Jesse Cole
December 12, 2011
There are those who believe that everything happens for a reason. SSBC alum, Jesse Cole, may be among them.
Here’s why.
As a five year old Rookie Leaguer at the South Shore Baseball Club in 1989, the first year of operation for SSBC, he’s remembered as “throwing the ball harder than most twelve year olds” by his eventual Scituate HS coach, Kevin Greer. From that Rookie League beginning Jesse went on to the whole AAU Seadog experience recalling recently “I just loved it so much”. There were baseball trips to Minnesota and Louisiana, even playing a game that started at midnight as an eleven year old. From Day One, Jesse Cole was one of those who had a chance to actually realize the typical youthful dream of playing big league baseball.
Three times he was a Patriot League all-star as a Scituate Sailor. He was a two time All Scholastic. One year he led the league in both hitting and ERA to earn the circuit’s MVP award. The book on the Scituate right hander was that he had a fast ball that touched the 90s paired with a major league slider. College coaches knew who he was and he heard from the Ivies, from Boston College and Northeastern, but went south to Wofford College in Spartanburg SC where he became what Wofford coach Steve Traylor called “our number one pitcher about from his freshman year”. As a junior, Cole was already on the MLB scouting radar when he took the mound against the second ranked South Carolina Gamecocks and shut them down on one hit.
By now Cole had been contacted by the Mets and the Padres and he’d already had an outstanding workout with the Pirates. He was close to realizing that dream. He could almost reach out and touch it just when he noticed pain in his right shoulder. Pain that was the result of three tears. Surgery followed. He sat out a year. He tried throwing just an inning at a time as a closer. Anything. Everything. If it would let him throw a baseball again without pain.
Never happened! “Heartbreaking”, is the word Coach Traylor uses recalling meetings with Jesse with “tears in both of our eyes and the meeting would end with a hug”.
Which brings the story to why Jesse Cole may be one of those who buys into the idea that “everything happens for a reason”.
No longer an up and coming potential big league pitcher, Cole signed on as an intern with the Spartanburg team in the Coastal Plain League, an amateur/collegiate baseball league located in the Carolinas and Virginia. Academically at Wofford he’d designed his own major in Leadership focusing on baseball’s all-time great renegade/hustler/promoter/marketing genius, serial owner, Bill Veeck. A year later (2007) Cole signed on as the general manager of the Gastonia Grizzlies, also from the Coastal Plain League where he increased attendance by a factor of better than seven. Four years later Cole is part of an ownership team that operates two franchises in the CPL, the Grizzlies and the Forest City Owls. Both have been in the top ten in the country in attendance over the last three years and in the summer just passed the Grizzlies set a franchise record for wins while in ’09 the Owls went 51-9 which was #1 in the country.

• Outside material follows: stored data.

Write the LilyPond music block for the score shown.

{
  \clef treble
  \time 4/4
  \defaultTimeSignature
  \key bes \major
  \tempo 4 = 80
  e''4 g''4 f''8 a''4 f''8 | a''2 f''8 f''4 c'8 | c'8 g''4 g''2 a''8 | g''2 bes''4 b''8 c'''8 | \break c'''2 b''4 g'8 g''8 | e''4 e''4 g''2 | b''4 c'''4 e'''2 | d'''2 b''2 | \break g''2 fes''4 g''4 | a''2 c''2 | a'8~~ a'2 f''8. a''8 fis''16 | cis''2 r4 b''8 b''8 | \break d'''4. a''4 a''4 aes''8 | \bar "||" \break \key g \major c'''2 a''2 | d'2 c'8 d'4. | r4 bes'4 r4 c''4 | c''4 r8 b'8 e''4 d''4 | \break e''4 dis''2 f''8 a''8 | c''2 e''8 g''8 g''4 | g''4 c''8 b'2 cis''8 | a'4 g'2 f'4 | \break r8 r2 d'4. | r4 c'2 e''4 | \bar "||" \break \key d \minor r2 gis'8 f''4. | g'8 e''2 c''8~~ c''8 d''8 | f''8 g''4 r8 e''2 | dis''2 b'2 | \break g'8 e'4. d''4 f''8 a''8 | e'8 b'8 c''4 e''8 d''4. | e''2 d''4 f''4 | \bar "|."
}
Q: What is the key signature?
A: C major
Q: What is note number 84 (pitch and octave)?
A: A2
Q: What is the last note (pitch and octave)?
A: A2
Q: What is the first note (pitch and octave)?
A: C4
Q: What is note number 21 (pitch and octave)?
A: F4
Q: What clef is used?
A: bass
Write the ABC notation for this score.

Baseball with both the Owls and Grizzlies is a Veeck-like/Jesse Cole circus. When MLB was at the height of the steroid controversy Cole put out a tongue in cheek press release announcing that the Grizzlie’s bear-like mascot, “Striker” had been found to be a BGH (Bear Growth Hormone) user. When George W. Bush departed the White House after the last election, Cole let the former owner of the Texas Rangers know that there was a job waiting for him with the Grizzlies. There have been “Grizzlie Idol” nights at the ball park with fans competing in the singing of traditional baseball songs. Perhaps harkening back to his 11 year old Seadog season Cole’s Grizzlies have started games at midnight. And, in direct defiance of league rules prohibiting music during games, a band plays continuously in the Grizzlie’s beer garden. When he was fined $100 by the league for the music, Cole send a check for $600 to cover the next five nights the band would be playing. The Grizzlies have a fulltime employee whose title is Director of Fun and Cole’s looking for someone for the same job with his Forest City team.
When folks file out of the ball park after one of Cole’s teams have played a game he hopes to have given them something to go home and tell people about. Where he is and what he’s doing today is not what he’d expected ten years ago. No question, he says: “I thought I’d be playing baseball or at least coaching”. The future? Cole believes the Gastonia/Forest City experience can be repeated and repeated and repeated nationwide. He now expects that ten years from now he will be doing exactly what he’s doing today when he says “I really feel like we’re onto something that we can bring to a lot of markets”.“
Cole is a baseball “lifer”. It started as a Rookie Leaguer at SSBC in 1989 and now at age 27 in 2011 says with conviction: “I’ll definitely spend the rest of my life in this industry”.